Chills skitter over me, but adrenaline pushes me forward. I pull the door back and rush inside Larson’s house.
Jake stands in the small living room, still holding his pistol over Larson’s dead body. Blood seeps from Larson’s chest into the dull hardwood floor.
“What the fuck did you do?” I demand.
Jake’s jaw is rigid, his eyes staring blankly down at the corpse before him. He’s silent, his only response being the slight quiver of his gun hand.
“Jake,” I say again, softer this time, my anger melting away into a fear so acute it makes my knees weak. “What did you do?”
Finally, he looks up at me. His eyes are dull, a stark contrast to the normally sparkling blue. “I had to.”
I drop to my knees beside Larson, pressing two fingers against his neck. His blood stains my hands as I search for a pulse, but there’s nothing. Not a flicker of life.
He’s dead.
“Why? Why did you have to?”
“She’s gone,” he says. “She’s gone, Riv.”
“What the fuck are you—”
“He killed her. He killed her. And my kid.”
I look around. “She’s not here, Jake,” I grit out. “What the fuck have you done? She’s not here.”
“She was. He said so. He said to look in the bedroom.”
Without another thought, I race to Larson’s bedroom.

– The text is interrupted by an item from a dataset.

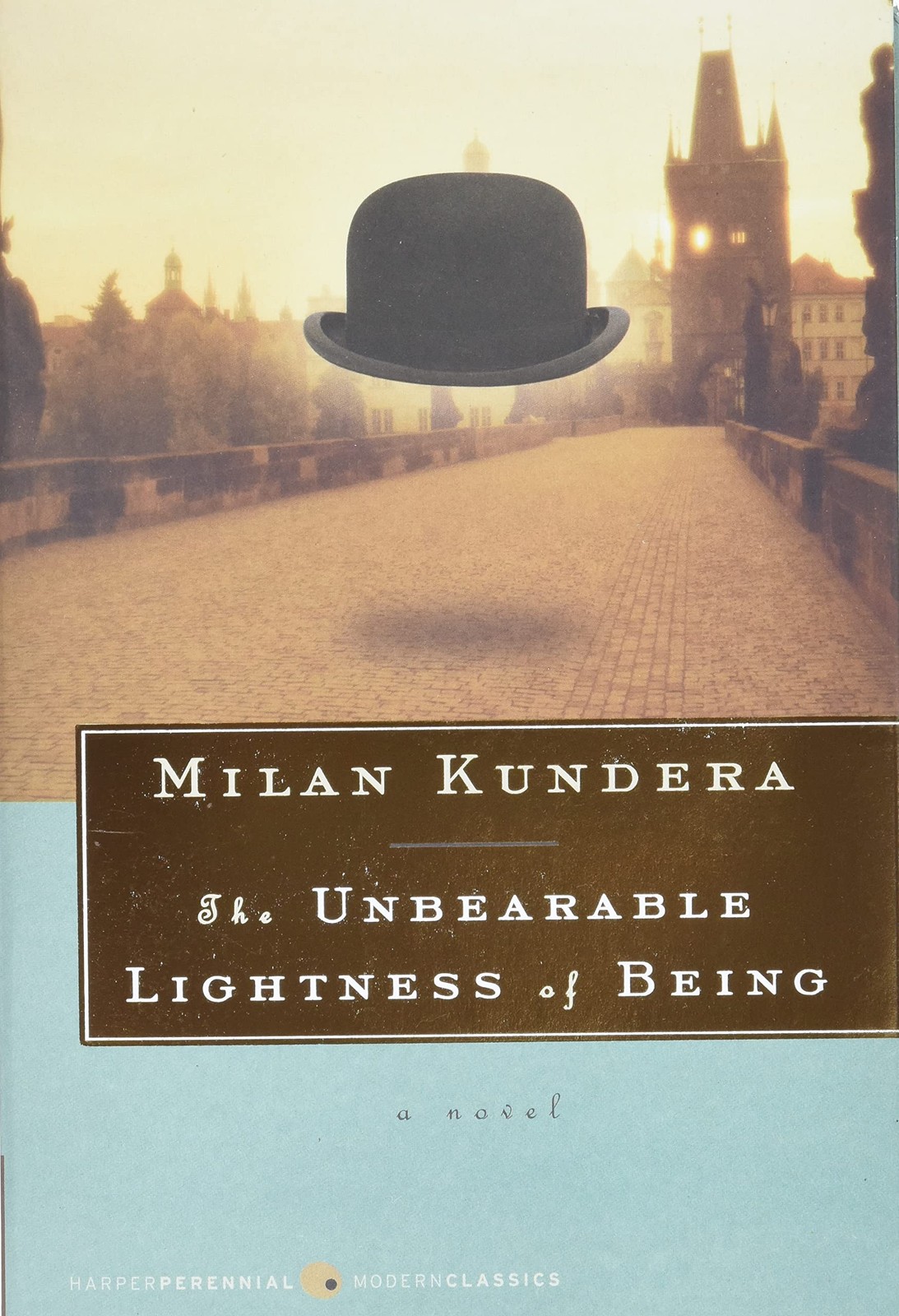 The Unbearable Lightness of Being: The Modern Literary Classic (Harper Peren…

The place where I drugged him last night.
And on his bed.
Jesus Christ...
On his bed...
It’s Marnie.
And she’s not moving.
“Marnie?” I whisper, falling to my knees beside the bed. “Marnie, wake up!” Still no response.
Tears prickle at my eyes as I take her cold hand in mine. The world comes crashing down around me, swirling into a turmoil of grief and disbelief.